Massachusetts Peace Action represents thousands of households across the state advocating for peaceful and just solutions to conflicts around the world, and the investment of our tax dollars for human needs at home rather than wars abroad. We recognize that students have always been at the forefront of major social movements in the United States. Their energy and idealism have pointed the way to important domestic and foreign policy reforms in times of upheaval, such as the Vietnam War, the civil rights movement, the struggle against South Africa apartheid, the anti-nuclear movement, and many more.They are pointing the way forward now.
On many campuses, the students have put their bodies on the line by erecting and living in encampments to demand that their universities end complicity in Israel’s genocidal attacks on Gaza.

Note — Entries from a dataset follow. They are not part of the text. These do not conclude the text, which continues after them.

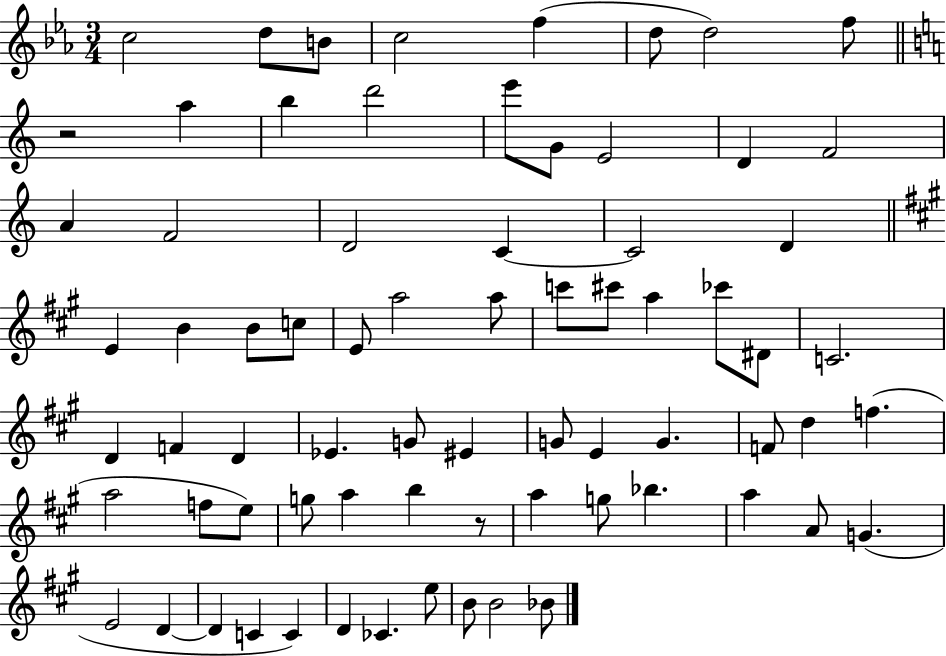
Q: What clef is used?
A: treble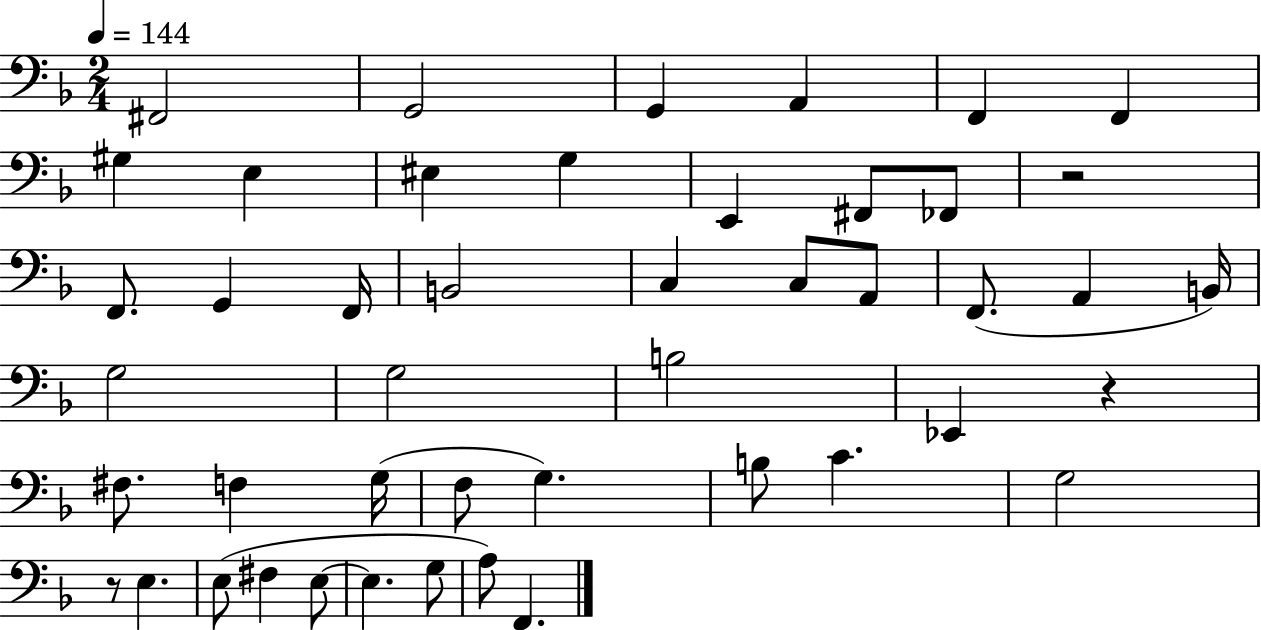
{
  \clef bass
  \numericTimeSignature
  \time 2/4
  \key f \major
  \tempo 4 = 144
  fis,2 | g,2 | g,4 a,4 | f,4 f,4 | \break gis4 e4 | eis4 g4 | e,4 fis,8 fes,8 | r2 | \break f,8. g,4 f,16 | b,2 | c4 c8 a,8 | f,8.( a,4 b,16) | \break g2 | g2 | b2 | ees,4 r4 | \break fis8. f4 g16( | f8 g4.) | b8 c'4. | g2 | \break r8 e4. | e8( fis4 e8~~ | e4. g8 | a8) f,4. | \break \bar "|."
}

They are calling for disclosure of university connections to Israel’s military and for divestment of university pension funds from corporations and financial entities doing business with Israel.
Mass. Peace Action strongly supports policies that allow these peaceful and disciplined encampments to continue. Attempts by counter-demonstrators or provocateurs to disrupt activities at the encampments have largely been met with calm and measured responses by the pro-Palestinian students. We urge you to proudly support rather than punish these students, whose idealism and sense of justice has caused them to act, often at significant personal sacrifice.
The scenes that we have witnessed at campuses such as Columbia, Yale, Emory, and others across the country – where nonviolent students have been subjected to mass arrests by armed police and encampments have been disbanded – must no longer be repeated in our state. And here, mass arrests and rough tactics at Emerson and Northeastern must not set the standard. We stand with the students, who are not deterred, and the local civic, housing, labor, religious, and peace groups who are supporting them.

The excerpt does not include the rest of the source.